The Dow staged a late day comeback on Thursday, ending 260 points higher to close another volatile day on Wall Street.
The Nasdaq closed narrowly higher, up 0.4% and the S&P 500 was up 0.8%.
Thursday’s action came a day after the Dow surged 1,086 points in its biggest daily point gain ever. The Dow was down as much as 611 points earlier in the day, but rallied in the final hour of trading for a swing of nearly 900 points.
The market has been gripped by those kind of wild swings this month. Investors are balancing an economy that is still strong by many measures, including record-low unemployment, with concerns about a slowing economy in China and other parts of the world, trade policy that’s in flux, and recent moves by the Federal Reserve.
The see-saw trading session came after huge gains on Wednesday for a market having its worst December since the Great Depression. The Dow had its best point gain ever, and the S&P 500 and Nasdaq posted their best performances since March 2009.
The gains continued into a second day. But anyone watching stocks this month knows that sentiment can turn on a dime. The Dow has either gained or lost more than 250 points in eight of the past nine trading sessions.
“Human nature is very consistent — pain is the ultimate motivator for change, and a 20% market swoon in under three months has most tactical and historical indicators suggesting extreme pain,” said Tony Dwyer, market analysts at Canaccord Genuity, in a note to analysts.
The firm said investors should expect more volatility and attributed the unease to “chaos in Washington,” as well as the Federal Reserve’s decision to stick to plans for gradual interest rate increases despite the recent stock turmoil. President Donald Trump, after ripping up trade policies aimed at stitching global economies together, has further unsettled markets by signaling he wanted to fire Federal Reserve Chairman Jerome Powell. Trump appointed Powell to the post last year but has since turned on him for raising rates.
The American economy remains strong, and most economists expect solid, if slower, growth in 2019. That’s why some market analysts believe stocks are oversold. The S&P 500 is 8% lower this year, while unemployment is near a 50-year low and GDP grew at 3.4% in the third quarter.

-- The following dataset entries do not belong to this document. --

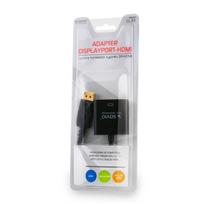 hdmi 2.1 kabelis 20 m - Savio Adapter Displayport / DMI Black 0.1m - 2 nuotrauka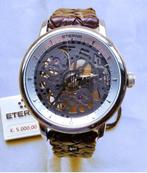 Eterna 1856 Skeleton Limited Edition (Full set), Overige merken, Leer, Staal, Polshorloge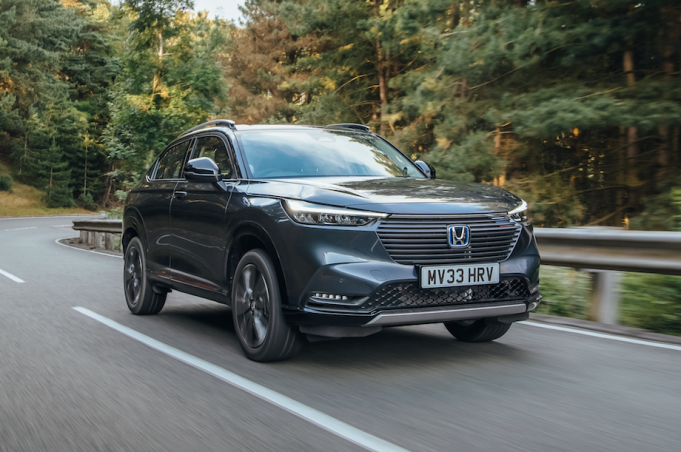 Honda HR-V’s e:HEV Technology Update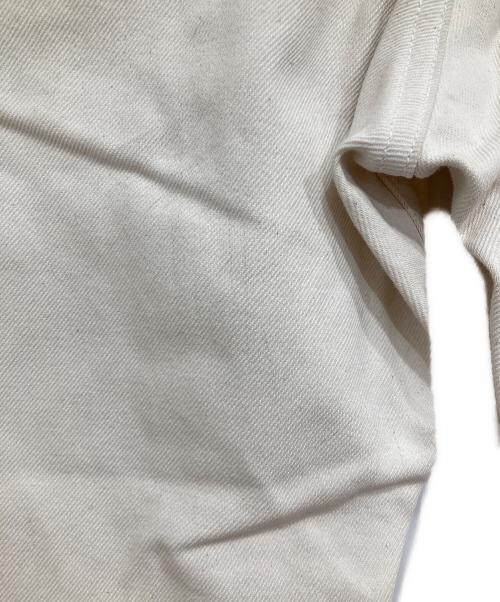 AURALEE（オーラリー）AURALEE (オーラリー) HARD TWIST DENIM 5P PANTS ホワイト サイズ:28の古着・服飾アイテム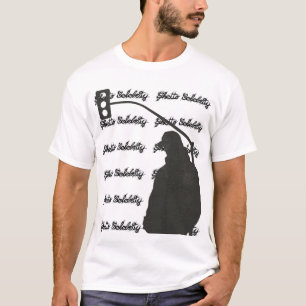 Camiseta Vintage Hip hop Ghetto Celebrity Street Urban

But fear has taken over the stock market. Movements lower have precipitated another big selloff. “Obviously, oversold can become more oversold in a panic-based market environment,” said Dwyer.
Markets that fall around 20% when the economy is strong typically bounce back. That’s what happened in 1987 after Black Monday, 1998 after the Russian debt crisis and 2011 following the American credit rating downgrade. In 1987, the market soared 50% in the following two years. Stocks bounced back 20% within four months of their lows in 1998 and 2011.
Stocks could roar back to new highs next year as they did this summer. Or this could be a recession warning sign and a signal of worse news to come.
Stocks do a reversal, global stocks caught in the tumult
On Thursday, some of the market’s big winners the prior day lost ground.
Tech, which led yesterday’s rally, finished the day mixed. Amazon (AMZN) and Apple (AAPL) fell slightly, while Facebook (FB), Alphabet (GOOGL), and Netflix (NFLX) ticked up.
All nine sectors on the Dow finished in positive territory. 3M (MMM) and IBM (IBM) were the top performers on the Dow.
GE (GE) had its fifth-best day of the year Wednesday, but dropped 1.6% Thursday.
European markets fell sharply on their first day of trading since Monday. The FTSE was down 1.5% and Germany’s DAX fell 2.4%.
The Hang Seng in Hong Kong and the Shanghai Composite both shed more than 0.6% after weak Chinese industrial data highlighted the difficulties facing the world’s second largest economy.
But Japan’s Nikkei jumped nearly 4% on Thursday, pulling the index out of the bear market it had entered just two days ago. Stocks also climbed more than 1% in Australia and Singapore.